Falsche Gefühle und echte Badefreuden
Bild Ernst Legal von Deutsche Fotothek, CC BY-SA 3.0
Paul Hindemiths Oper „Neues vom Tage“ – Folge 4
Zwei Nummern der Oper seien näher betrachtet.
Der Humor des mit „Duett-Kitsch“ überschriebenen Zwiegesangs im Museum (I,4) wächst aus der Uneigentlichkeit der Situation. Während die Regieanweisung von Laura fordert, einige „Mühe“ aufzuwenden, um sich „in eine falsche Ekstase“ zu steigern, soll dem „schönen“ Herrn Hermann anzumerken sein, „daß er lediglich eine Kundin gut bedient.“ Laura ist sich völlig über das bloße „Geschwätz“ des fingierten Leidenschaftsausbruchs im Klaren. Pseudopoesie und Trivialdramatik wie des professionellen Scheidungsgrunds „Aufrauscht mein Blut in wilden Lavaströmen“ und seiner Kundin Replik „Sie Wilder! In Ihnen will ich vergehen“ häufen Stilblüten aus Librettistik, Rührstück und Groschenroman. Melodisch scheinen Puccini, Richard Strauss, Korngold und Schreker gleichsam als ihre eigenen Epigonen zum Verwechslungs- und Unterbietungswettbewerb angetreten. Zwar greifen die Kantilenen weit aus, doch fehlt ihnen die innere Spannung und Raffinesse. Aus dem Baukasten und nach Gebrauchsanweisung kombiniert, kommen sie wie aus zweiter oder gar dritter Hand daher. Souverän meidet Hindemith jede Spezifik seines melodischen Materials. Mündet das Duett in die unisono gesungene „Ekstase“ leisten Textdichter und Tonsetzer vereint und genüsslich den poetischen und kompositorischen Offenbarungseid.

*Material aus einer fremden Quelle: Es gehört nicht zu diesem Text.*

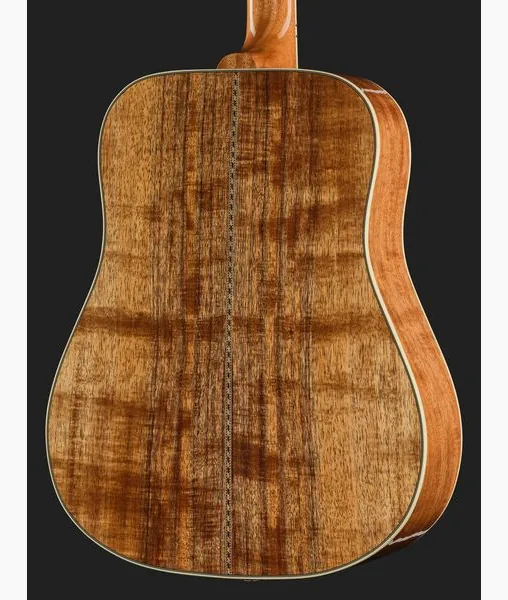 Gibson Hummingbird Elegant Koa HoneyB detail 5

Lauras die Warmwasserversorgung lobpreisendes Arioso aus dem den zweiten Akt eröffnenden fünften Bild verdankt sich musikalischen Scherzen, wie sie sich Darius Milhaud 1919 mit der Vertonung eines Prospekts für Landmaschinen, im Jahr darauf dann mit dem „Catalogue de Fleurs“ und Hanns Eisler 1926 mit seinen „Zeitungsausschnitten“ geleistet hatten. Ganz auf dieser Linie besingt nun die nach dem Skandal im Museum in ein komfortables Hotel geflüchtete Scheidungswillige die Vorzüge des Wannenbäder zu jeder beliebigen Tages- und Nachtzeit gestattenden elektrischen Durchlauferhitzers gegenüber antiquierten Gasbadeöfen. Das Vorspiel zum Arioso bemüht faustdick ironisch die Würdeformel der gravitätischen französischen Ouvertüre. Gleich dem Lauras Haut schmeichelndem wohltemperierten Nass prickeln der Badenden Koloraturen. Aus lombardischen Rhythmen gewinnt die Singstimme ihr Leichtfüßiges und Zierliches. Auf dass sich überhaupt Spannung und musikalischer Aufschwung ergebe, hat Laura die unkomfortablen Gasbadeöfen zu verwünschen. Freilich nur, um auch vokal in die Wohlfühlzone des Badegenusses zurückzukehren.